I'm pretty sure Joe Maxse reads LGT!
He finally recognizes that when players spout cliches, he ought to push for better insight. He gets some from Jhonny Peralta.
At si.com, Tom Verducci is not making friends with TBS.
But he's spot on. Here's his review of the TBS effort:
"The telecasts? Virtually unlistenable, with Chip Caray leading the way with his plethora of mistakes (his insistence that Jeter bunt with his team down two in the fifth was an insult to baseball fans) and an almost total lack of information that was either interesting or in proper context (why give us save stats for middle relievers when they come into a game?). There's only one October? With TBS, we should be so lucky."
However, he falls into the same trap others are finding when ripping Francona for the same "virtues" that Wedge is displaying: "Loyalty to veterans only goes so far, especially this time of year."
The rest of si.com is a bore.
At espn.com, Bill Simmons is sad!
He ALSO rips Francona for going all Wedge-style. Bill writes, "I continue to be mystified by this sudden collapse-in-progress, as well as the manager's abject unwillingness to shake things up in any way. Bizarre."
Here's how you know Simmons has jumped the shark: He's publishing absurd, childish emails from his fans like the following: "What's more distracting for Boston hitters: Byrd's old-time double windup, or the padding from his adult diapers?"
He also described our second baseman as "Ass-Dribble."
Hey, Bill, it's over.

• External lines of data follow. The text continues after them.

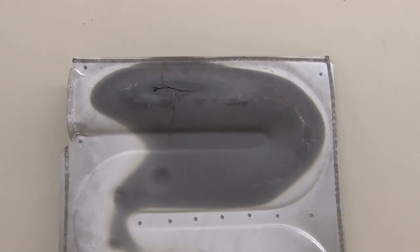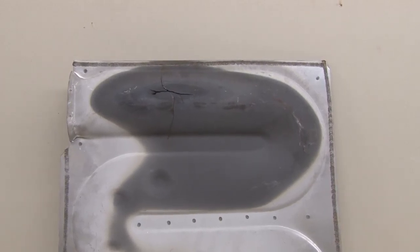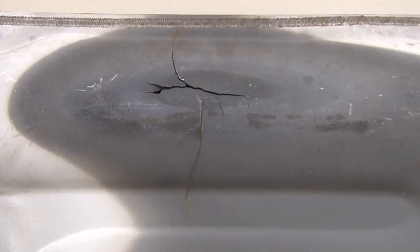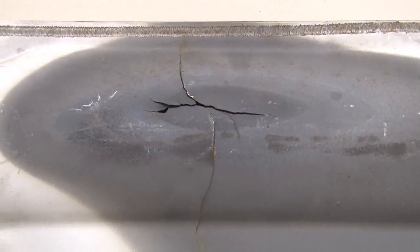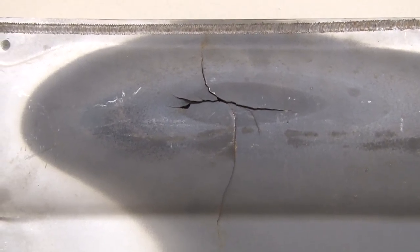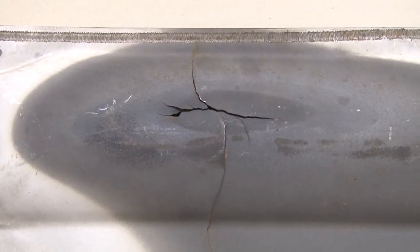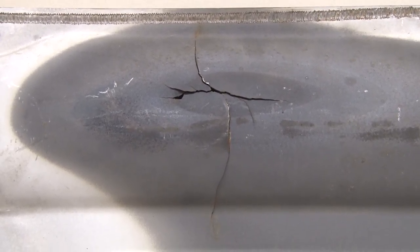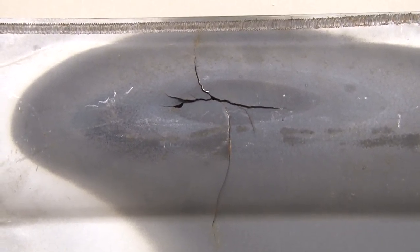This is the other side of the heat exchanger, which you can see the crack even better. You can see how dangerous this can be inside a house, where flue gases can leak into the airflow and cause carbon monoxide to form inside the house, which is very toxic.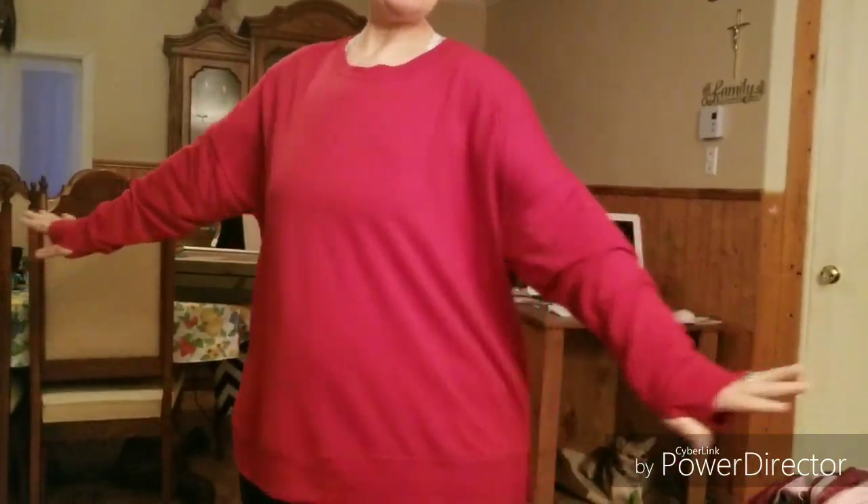We're gonna start with the red one. This is from Tiger Giant. What I like about it is that I can put my thumbs through — see how nice that is? It's so cool. And I paid five dollars. This is a 3X and I like it, it looks really nice.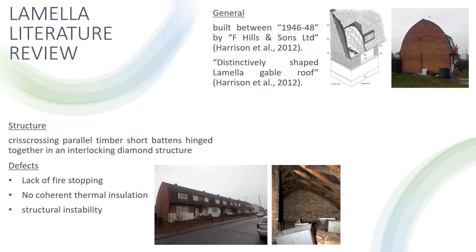Lamella properties were built between 1946 to 1948 by F. Hills and Sons Ltd. They have a distinctively shaped lamella gable roof covered with tiles or metal sheeting with projecting flat-top dormer windows. This folded roof is made up of crisscrossing parallel timber short battens, hinged together and bolted to form an interlocking diamond structure, then covered with sarking felt, battens, and plain tiles. From the ground to the underside of the projecting eaves on the first floor, the construction is relatively commonplace: a no-fines concrete slab with a 300mm thick masonry wall construction.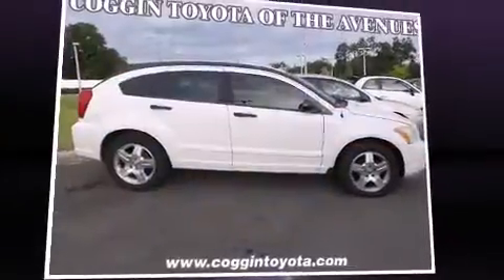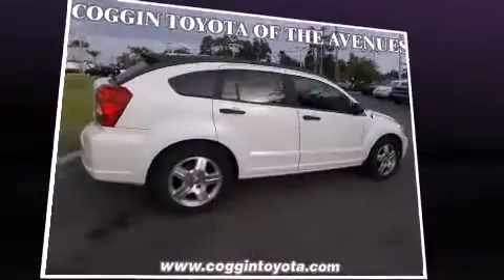Outstanding design defines the 2007 Dodge Caliber. This four-door, five-passenger hatchback provides exceptional value.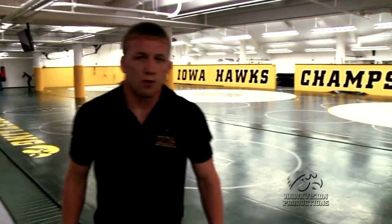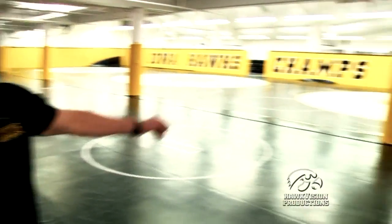This is the wrestling room at Carver-Hawkeye Arena. There's a lot of history in this room. Many Big Ten, NCAA, World and Olympic champions have cut their teeth right in this room right here.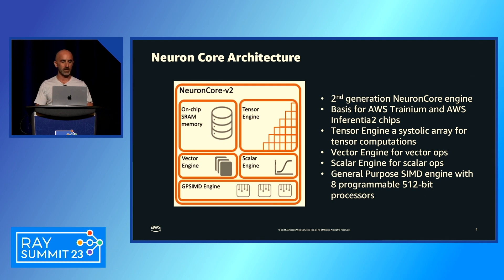Let's look at what powers these chips — the NeuronCore architecture. This is not a GPU; it's purpose-built for deep learning. The core is a tensor engine for matrix multiplications. There's also a vector engine for pooling and mean operations, a scalar engine for activation functions like ReLU, tanh, and sigmoid, and a general-purpose SIMD engine for programmable C++ operators running on eight 512-bit processors per core, all sharing on-chip SRAM and high-bandwidth memory.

You've got your Boston fans, but that's all that's left.
But Jerry Crasnick puts a nice piece together.
It's the espn front page lead! The one thing I don't quite understand is his comparison of the potential Cleveland vs. Colorado World Series with the 1980s Browns vs. Broncos matchups. I don't feel any need for "revenge" and it has a completely different feeling. I'm happy for the Rockies; I just want to beat them.
Broadcasting Ups and Downs.
When The Cobra struck out Ortiz to end the top of the first, Buck and McCarver once again remained silent and allowed the raucous crowd and the confident stride of Paul Byrd to tell the story. This is a nice trend we're seeing.
In the studio, though, someone dropped an idiot bomb. Eric Karros asserted, about the Rockies, "They're not in the World Series because of their hitting, and it's not because of their pitching either. It's because of their DEFENSE."
Yeah...no. We get it, Eric: You had several seasons with league-high fielding percentages, and you think picking throws at first wins championships.
But I have to say I dig Joe Girardi.